WonderWorks is an entertainment center focused on science exhibits with six locations in the United States. Its buildings are commonly built as if they are upside down.

The experience is considered "edutainment", a combination of education and entertainment.

It contains numerous interactive exhibits through which guests can learn about various phenomena and experience them firsthand.

==Description==
Each WonderWorks location contains interactive entertainment exhibits on the themes of space, physics, and math. Some locations also offer a dinner magic show, as well as a 4D XD motion theater. Each WonderWorks building is designed to look as if an existing building was ripped free of the ground by severe weather and dropped upside down on its roof. This unique design is credited to the Orlando architect Terry O. Nichoson of Nichoson Design International, at WonderWorks' original Orlando location. Nichoson went on to serve as the main design consultant for all subsequent WonderWorks locations. 5 of the 6 locations offer laser tag and a multi-story ropes course.
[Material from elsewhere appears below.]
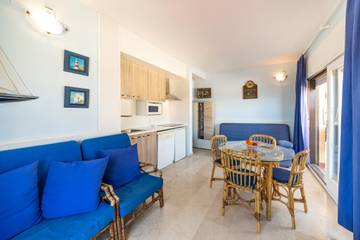 Vakantieappartement voor 4 Personen in Punta Montgo, L'Escala, Afbeelding 4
The Myrtle Beach location has an outdoor ropes course and zip-line, The Branson Location is the only location that does not have a ropes course. Most WonderWorks locations are open 365 days a year and it takes about 3–4 hours to tour each attraction.

The company has locations in Orlando, Florida (March 3, 1998); Pigeon Forge, Tennessee (2006); Panama City Beach, Florida (2009); Myrtle Beach, South Carolina (located in the Broadway at the Beach shopping mall) (2011); Syracuse, New York (located inside of Destiny USA) (2012) and Branson, Missouri (2020).
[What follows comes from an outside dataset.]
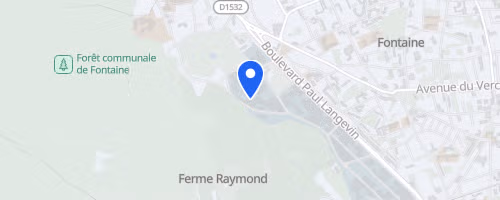 10 km de fontaine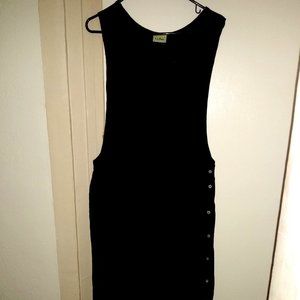 Black Tank Dress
The exterior of WonderWorks museum is an upside-down building complete with upside down yard and decorations that continue to the inside of the museum.

== Story ==
The story of WonderWorks begun with the world's greatest scientists led by Professor Wonder. Their top-secret research laboratory located on a remote island in the Bermuda Triangle was the site for their latest experiment, creating a man-made tornado. The experiment went wrong, and the tornado was unleashed into the laboratory, removing it from the ground and carried it thousands of miles away until it landed upside down onto the current locations.

== Lower Buildings ==
Each location has the WonderWorks Lab on top of a random building:

Orlando, Florida: Warehouse
Pigeon Forge, Tennessee: Theater
Panama City Beach, Florida: Surf Shack
Myrtle Beach, South Carolina: Crab Shack
Syracuse, New York: 3rd Floor of Destiny USA
Branson, Missouri: Log Cabin

== Experiences ==

=== The WonderZones ===

==== Natural Disasters ====
The natural disasters zone includes activities such as the Tesla Coil, Earthquake Cafe, Hurricane Shack, how cold is it? and Trivia Wall. During these experiences, guest can watch the tesla coil emit 100,000 volts of electricity, feel an earthquake with a magnitude of 5.3 on the Richter Scale, experience a hurricane wind of 74 miles per hour, hold their hands under 28 °F icy water, and answer trivia questions about weather and disasters.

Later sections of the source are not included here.